Una delle curiosità più affascinanti legate a Nel bar è che molte delle storie erano state originariamente pubblicate in riviste e antologie europee tra la fine degli anni ’80 e i ’90, e solo successivamente raccolte in volume. La scelta di Coconino Press di dividerle in due uscite, con copertine nere minimali (senza immagini, solo titoli e nomi), fu un gesto controcorrente: in un periodo in cui le librerie iniziavano a riempirsi di manga patinati e ristampe Marvel, questa era una dichiarazione d’intenti chiara. Nessuna concessione al mercato, solo la nuda forza del racconto.
Il sottotesto è sociale, politico, ma mai ideologico. Racconta le derive del capitalismo, della solitudine urbana, del razzismo, dell’alienazione. Racconta la fine dei sogni e il risveglio in un’epoca spietata. Ma lo fa senza proclami. Tutto passa dagli sguardi, dai gesti, dai silenzi.
Oggi quelle figure che una volta si incontravano nei bar — i cialtroni, i pugili falliti, le donne disilluse, i vecchi amici senza più nulla da dirsi — sono migrati nei social network. Li troviamo dietro profili lucidati, tra foto di muscoli di gioventù e orologi d’oro al polso. Ma sono sempre loro: persone sole, tristi, spesso invisibili.
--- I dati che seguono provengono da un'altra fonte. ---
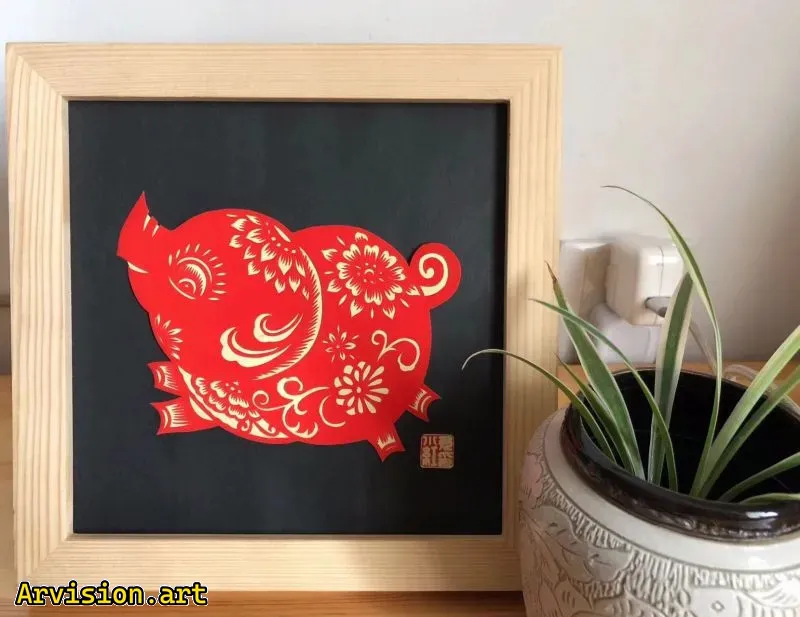 Série de porcs chinois Paper Cut Zodiac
Nel bar resta un'opera essenziale non solo per chi ama il fumetto d'autore, ma per chi cerca nel racconto illustrato qualcosa che vada oltre l’intrattenimento. È letteratura disegnata, è teatro urbano, è jazz su carta.
La prima edizione italiana di questi due volumi, pubblicata da Coconino Press nel 2001, è oggi ricercata dai collezionisti. Nel tempo, Coconino ha anche pubblicato un volume unico che raccoglie entrambe le raccolte, restituendo al lettore contemporaneo l’occasione di riscoprire un classico moderno, ancora oggi più che mai attuale.
E forse, come scrivevi tu, non serve essere lettori abituali di fumetti per apprezzare Nel bar.